Too much tonnage, recession or no recession

Oct 07, 2009, 10:09PM EST
The container shipping industry was headed for overcapacity even without a slowdown in trade.

When Maersk chief financial officer Morten Nicolaisen was asked at a New Jersey conference this week how on earth the lines could have found themselves in such a catastrophic overcapacity situation, all he could come up with was a verbal shrug.

“The collective behaviour of carriers adding more ships is what has led to this situation we are in today,” he told his audience.

It wasn’t much of an answer, and when pressed, he said: “Everyone was looking at upward curves and it was more ships, bigger ships with very little thought of what it would do to the industry when the supply and demand gap began widening.”

That staggering lack of foresight has left the container shipping industry with more than 10 percent of its capacity lying idle and laid up. The waters around Singapore look like the places ships go to die, rather than the world’s busiest maritime trade lane.

But the truth is that container shipping executives blindly followed each other, desperately afraid of losing market share. In the financial market, when everyone is screaming “buy, buy, buy”, it is a brave man who yells “sell”. With most of the major carriers placing orders in the last few years, it would have taken a bold CEO to face down his board and argue against adding capacity.

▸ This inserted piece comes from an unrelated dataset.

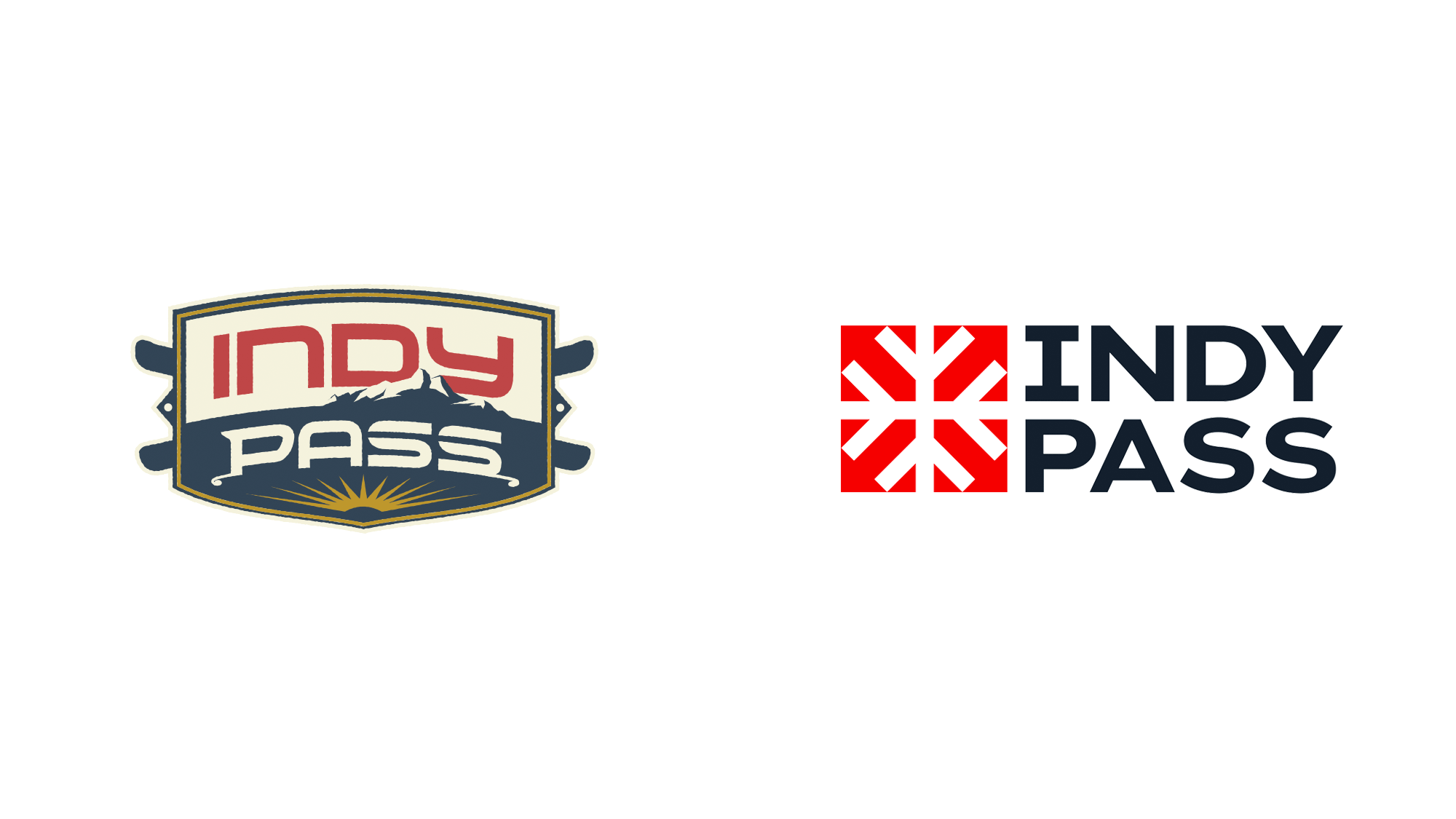 Brand New New Logo and Identity for Indy Pass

Perhaps the business is simply geared towards boom and bust cycles. Times are good – order ships and hike freight rates. Times are bad – live with low capacity and weak rates.

At the same conference, an economist pointed out that in the past five years, the carriers fleet has grown by 60 percent, so even if the recession had not happened the industry would still have ended up with overcapacity.

In the real world, so much excess tonnage would result in shipping lines going under, but even if lines aren’t state owned, national pride still keeps them afloat. Just look at Hapag-Lloyd that was bailed out by a German consortium.

That the industry will have to transform is obvious, but how will it change? The Maersk CFO remained in noncommittal mode. “Clearly, the industry has to change or transform, and this will take different twists and turns depending on whether the carrier is government-run, or has private investors,” he said.